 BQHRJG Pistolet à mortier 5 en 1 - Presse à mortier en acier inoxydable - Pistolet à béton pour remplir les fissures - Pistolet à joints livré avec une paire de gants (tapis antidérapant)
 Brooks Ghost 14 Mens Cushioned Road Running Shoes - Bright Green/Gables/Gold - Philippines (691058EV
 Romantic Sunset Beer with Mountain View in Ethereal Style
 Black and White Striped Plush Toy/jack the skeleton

==

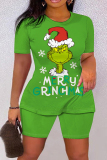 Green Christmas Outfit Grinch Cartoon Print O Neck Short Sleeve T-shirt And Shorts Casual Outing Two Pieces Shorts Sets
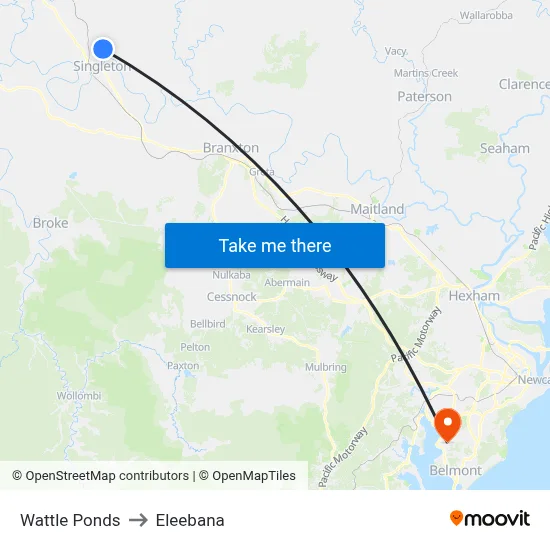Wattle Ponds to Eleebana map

§ Task objective:
Using the data above, reproduce exactly the lines from the line that contains "BQHRJG Pistolet à" through the line that contains "Black and White", including both.

§ Output for this task:
 BQHRJG Pistolet à mortier 5 en 1 - Presse à mortier en acier inoxydable - Pistolet à béton pour remplir les fissures - Pistolet à joints livré avec une paire de gants (tapis antidérapant)
 Brooks Ghost 14 Mens Cushioned Road Running Shoes - Bright Green/Gables/Gold - Philippines (691058EV
 Romantic Sunset Beer with Mountain View in Ethereal Style
 Black and White Striped Plush Toy/jack the skeleton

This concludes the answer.